Quatre jours après le verdict du COM, comment vous sentez-vous ?

Je suis définitivement déçu d'avoir été sanctionné pour trois ans pour les charges que le Comité olympique avait contre moi. Je suis aussi choqué. Tous ceux qui sont dans le sport savent ce que signifie d'être sanctionné pour autant de temps. Je considère que c'est un abus de pouvoir. J'ai l'impression que c'est dirigé personnellement contre moi. Je suis dégoûté que les membres du comité en soient arrivés là.
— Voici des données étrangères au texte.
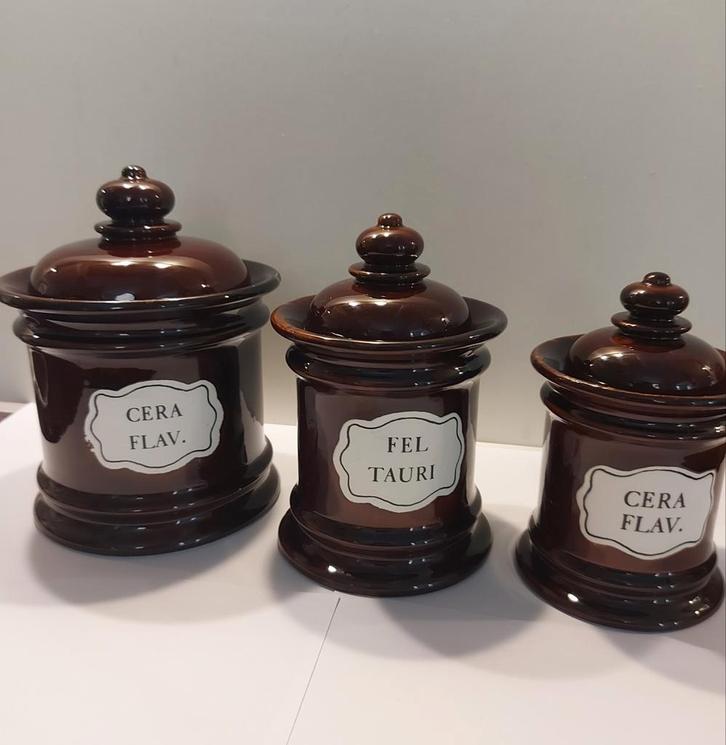 Antieke Apothekerspotten - Set van 3, Antiek en Kunst, Antiek | Keramiek en Aardewerk, Ophalen of Verzenden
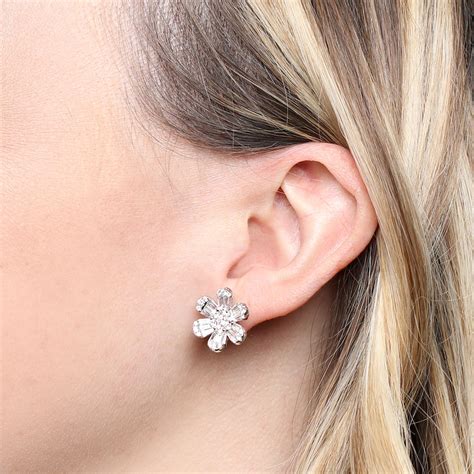 Six Petal Diamond Flower Earrings 14k Ben Bridge Jeweler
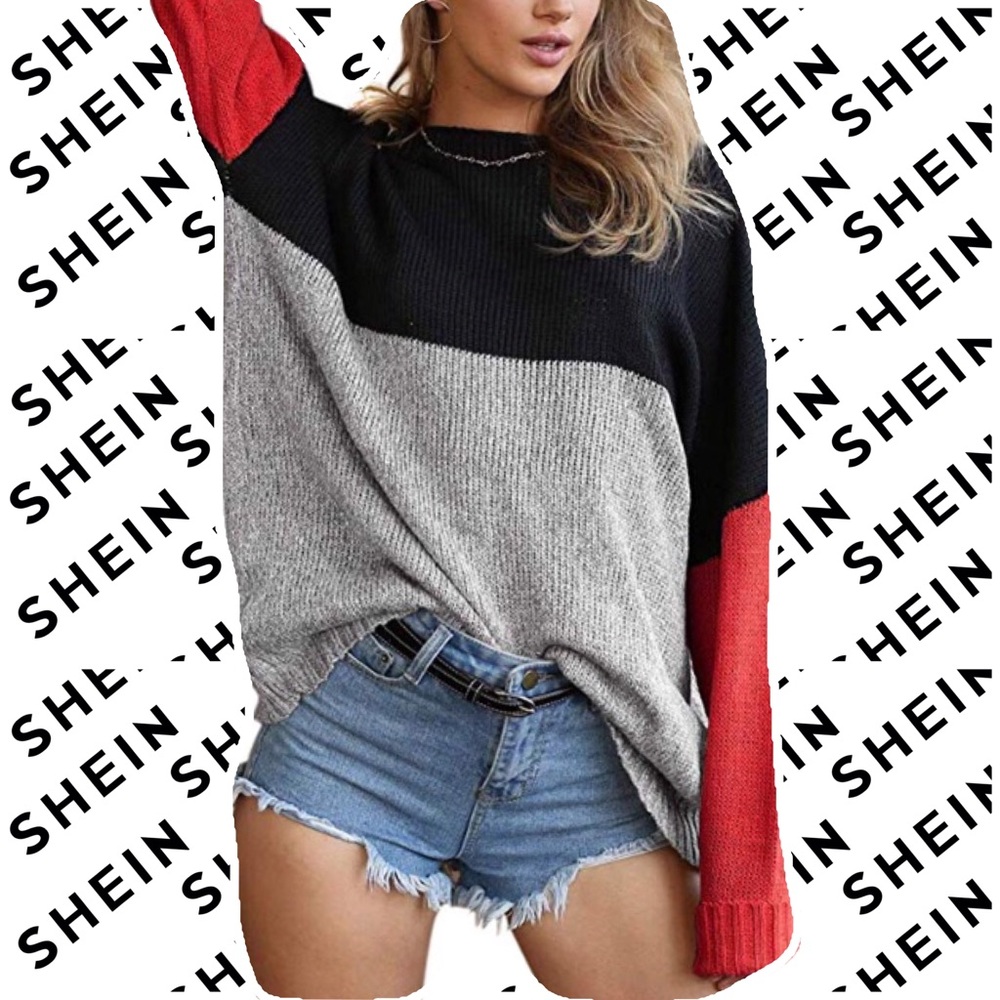 SHEIN Women's Small Colorblock Sweater Oversized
Que reprochez-vous au COM ?

On ne sait pas sur quoi le COM s'est basé pour me sanctionner pour trois ans. Pourquoi trois ans, pourquoi pas plus ? Quelle procédure a-t-il suivi ? Quels critères ont-ils observés ? Si on lit la sanction complètement, je ne pourrai pas seulement participer aux compétitions tombant sous l'égide du COM. Je ne pourrai tout simplement pas y assister en aucune façon. Dois-je comprendre que je ne pourrais le faire en simple spectateur (NdlR : voir extrait de la décision en hors-texte). Ce n'est pas clair. En tout cas, c'est comme ça que je le comprends.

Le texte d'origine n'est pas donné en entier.